# Discrete ON/OFF codes in Philips Pronto Format HERE



## Mark Lamutt

Last year, I posted the discrete ON/OFF codes in Philips Pronto IR format to remotecentral for remote addresses 1 through 19.

They can be hound here: http://www.remotecentral.com/cgi-bi...db=discrete&br=dishnetwork&dv=dssreceiver&fc=

If you have a learning remote other than a philips pronto, I can't help you in converting the IR format to your remote. I do know that other users have said that there is a conversion utility for the MX700 and MX800 remotes. And, there are discrete code codes for the OFA remotes. But, other than that, I don't have any information.


----------



## rudolpht

Mark,

Thanks. 

I took the codes (still a little flaky) and put into a Pronto CCF and then Universal Browser imported to an MX-700/800 file. Exported device and will make available to those interested. Address 1. Just noticed Mark's CCF was up also, but result should be the same. 

Tim


----------



## JM Anthony

Mark and Tim - thanks for your efforts. These files should come in handy.


----------



## FaxMan

I copied Mark's pronto codes for IR1 ran them through the converter at the Harmony website and created new Harmony commands. They work great! Thanks Mark.

I've submitted the final codes to Harmony for inclusion in their E* configurations.


----------



## JM Anthony

JM Anthony said:


> Mark and Tim - thanks for your efforts. These files should come in handy.

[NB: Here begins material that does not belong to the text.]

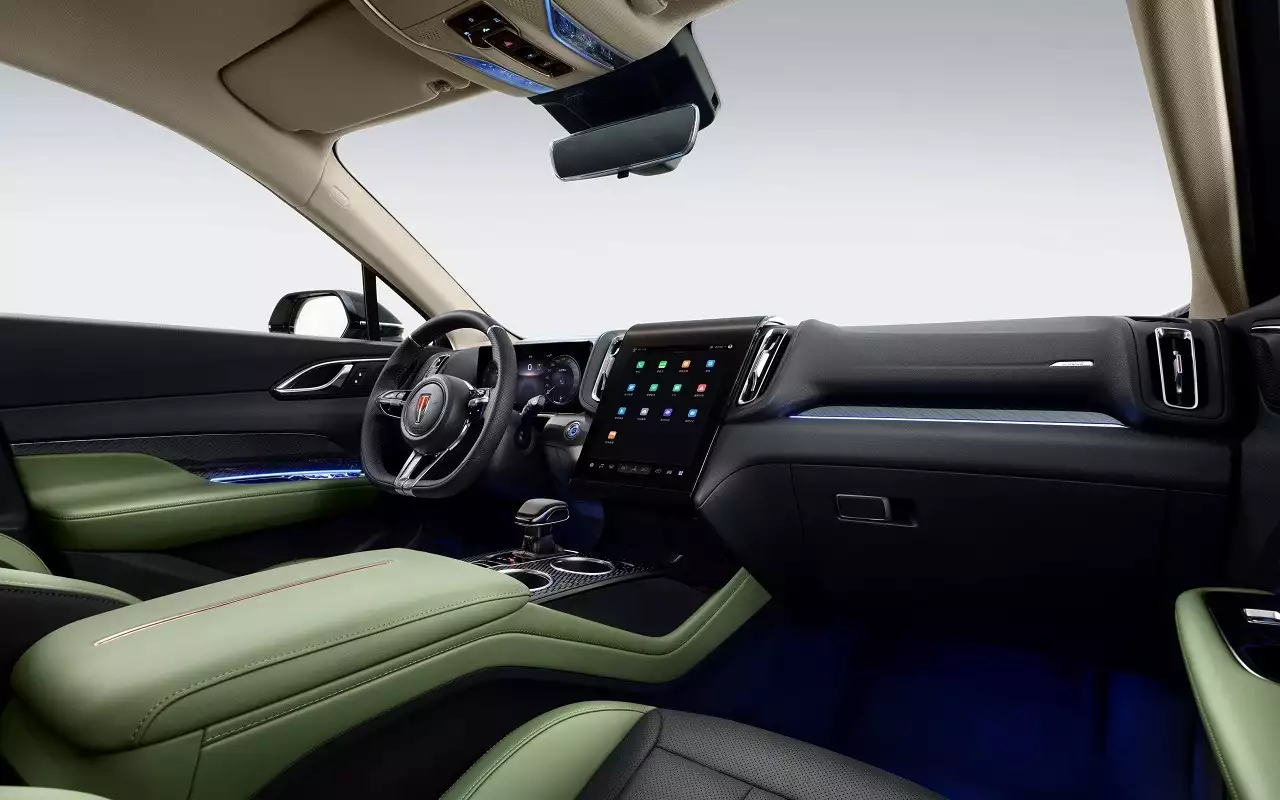 Hongqi HS3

Fast forward 3 months - finally got my 921. With an MX 700, Tim's file, and little time on my hands (and nobody to bug me!) I should be able to do a little remote consolidation this weekend. Life is good.


----------



## Pete Mazz

Since purchasing a 921, I have been trying to use these hex codes with an MX800 via Pront Edit with no success. I seem to be able to make a CCF file but the learned codes do not work when copied into MXEditor. Any help or advice would be appreciated.

Pete


----------



## lwalker108

Mark Lamutt said:


> Last year, I posted the discrete ON/OFF codes in Philips Pronto IR format to remotecentral for remote addresses 1 through 19.
> 
> They can be hound here: http://www.remotecentral.com/cgi-bi...db=discrete&br=dishnetwork&dv=dssreceiver&fc=
> 
> If you have a learning remote other than a philips pronto, I can't help you in converting the IR format to your remote. I do know that other users have said that there is a conversion utility for the MX700 and MX800 remotes. And, there are discrete code codes for the OFA remotes. But, other than that, I don't have any information.


I have tried your codes and they don't seem to work. Do you have updated codes?


----------



## Mark Lamutt

Nothing has changed with them, and they still work with my 508s, 6000 and 921 (as of last night, anyway).


----------



## igleaner

Will these codes also work for the Dish 811 receiver?


----------



## Mark Lamutt

Yes.


----------



## igleaner

For some reason, they didn't work for my 811 using address 2.


----------



## Mark Lamutt

Not sure what to tell you, except to try another address.


----------